Inoltre i vari Pericle, Leonida, Cicerone, Giulio Cesare, insieme a molti altri uomini illustri, ci hanno lasciato il loro inestimabile giudizio su molte cose: ad esempio quali siano le caratteristiche di uno Stato giusto e non tirannico, cosa sia il bene comune, di cosa sia l’amicizia, la verità, la vita.

Per cosa valga la pena vivere e, se necessario, morire. Insomma, a tutte le domande che avete, i “grandi” del passato hanno già scritto tutte le risposte. Perché la Storia parla di noi, e come la sua “figlia” archeologia, è identitaria, ci appartiene: impossibile non sentire un legame con gli antichi romani, per esempio, passeggiando per le vie di Roma, o meglio ancora, di Pompei; perché qualsiasi cosa che ha resistito alle ingiurie del tempo per anni e anni ha il potere di far uscire la Storia dai libri e farla vivere.

Tutto questo ce l’abbiamo in Italia: un territorio che ha aggregato a sé tutto il mondo conosciuto grazie all’Impero Romano e, dopo il suo crollo, è rimasto “una pura espressione geografica” per più di mille anni.

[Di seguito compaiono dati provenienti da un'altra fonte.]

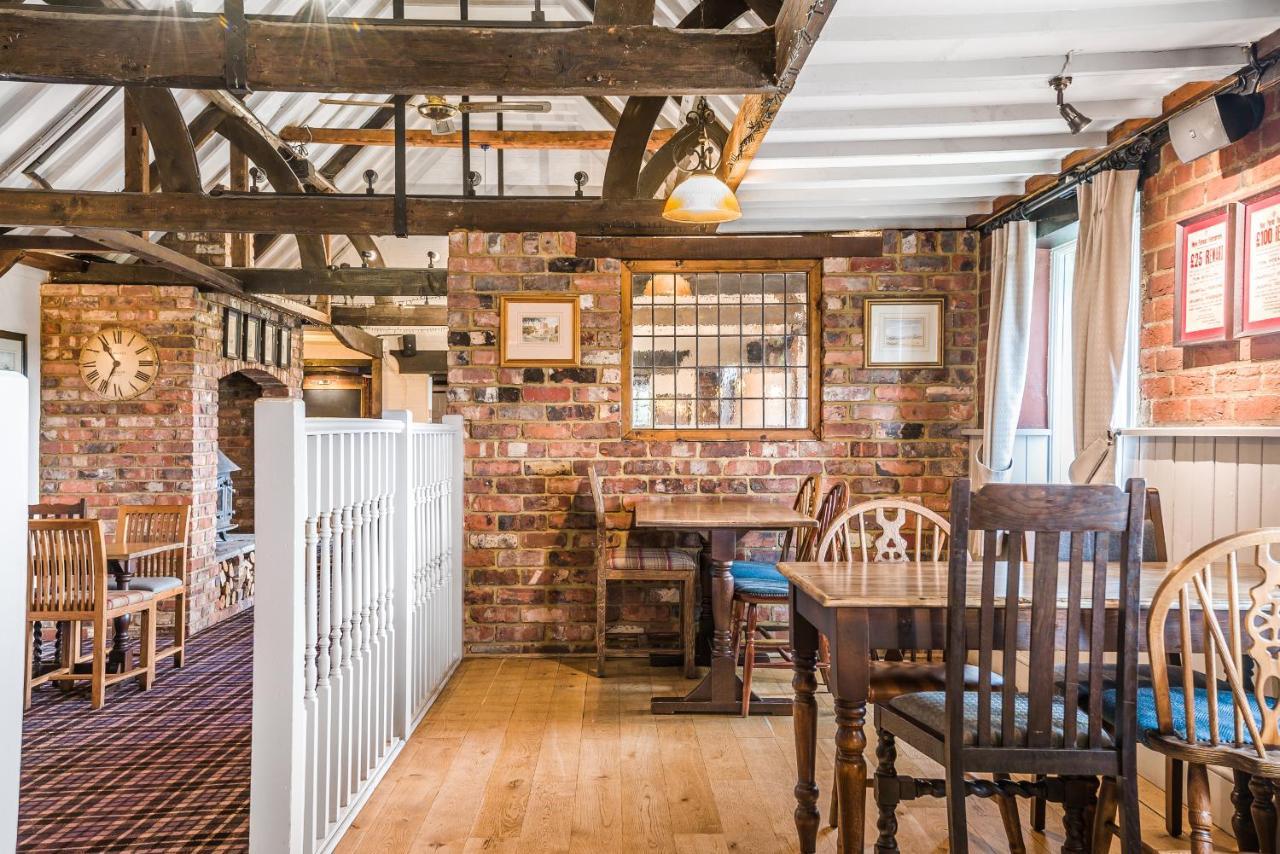 The Walhampton Arms Bed & Breakfast ลีมิงตัน ภายนอก รูปภาพ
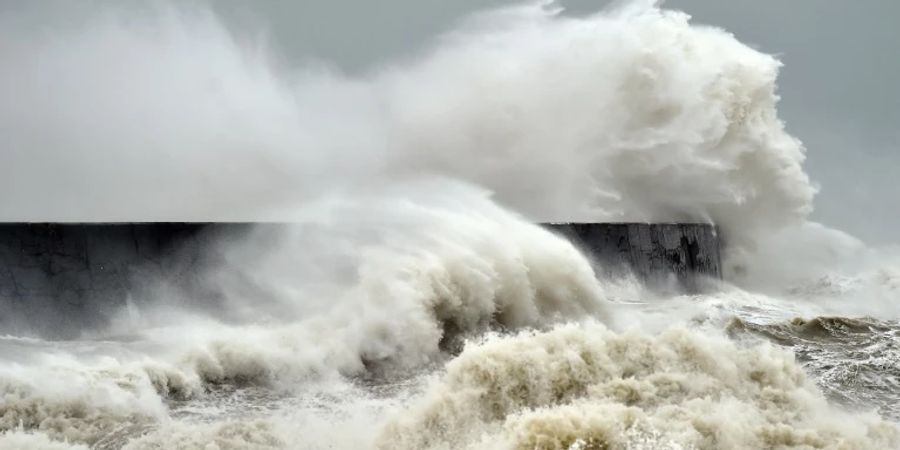 Brechende Wellen bei Sturm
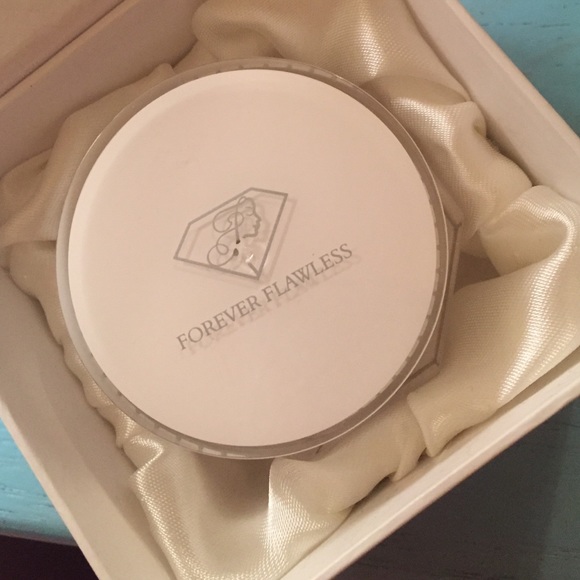 Forever Flawless exfoliating face scrub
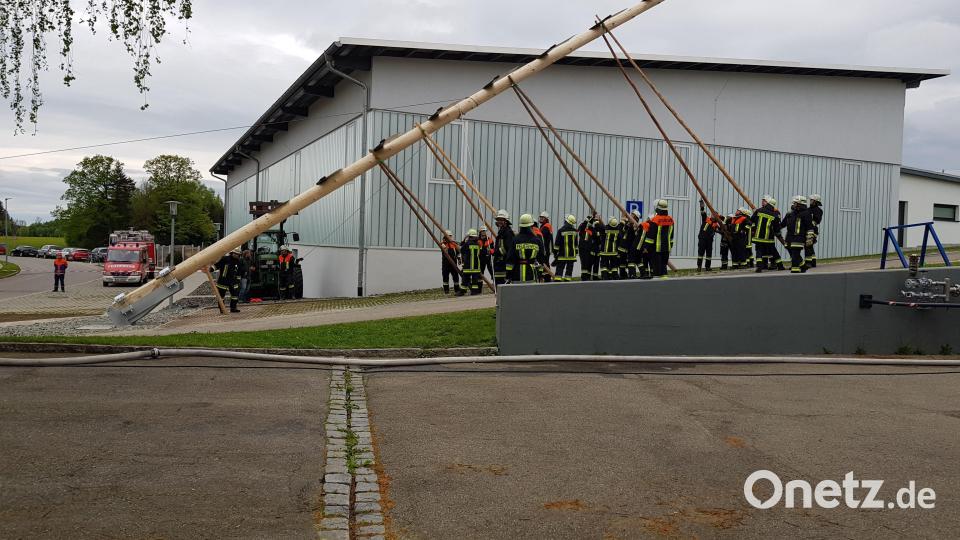 In Lauben im Landkreis Oberallgäu ist das Modell „Herkules Gigant“ bereits im Einsatz. Das traditionelle Aufstellen mit Schwalben bleibt, ist allerdings deutlich sicherer – durch das Einspannen in der Halterung kann der Kirwabaum nämlich nicht mehr seitlich kippen. Bild: Bidlingmaier Technologie GmbH/exb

Ma la sua riunificazione ha in qualche modo “tradito” le aspettative, perché attuata dalle élite a dispetto delle grandi masse. Scriveva nientemeno che il grande Dostoevskij, nel suo “Diario di uno scrittore”: “L’unico grande diplomatico del secolo XIX è stato Cavour e anche lui non ha pensato a tutto. Sì, egli è geniale, ha raggiunto il suo scopo, ha fatto l’unità d’Italia.

Ma guardate più addentro e che cosa vedete? Per duemila anni l’Italia ha portato in sé un’idea universale capace di riunire il mondo, non una qualunque idea astratta, non la speculazione di una mente di gabinetto, ma un’idea reale, organica, frutto della vita della nazione, frutto della vita del mondo: l’idea dell’unione di tutto il mondo, da principio quella romana antica, poi la papale. I popoli cresciuti e scomparsi in questi due millenni e mezzo in Italia comprendevano che erano i portatori di un’idea universale, e quando non lo comprendevano, lo sentivano e lo presentivano.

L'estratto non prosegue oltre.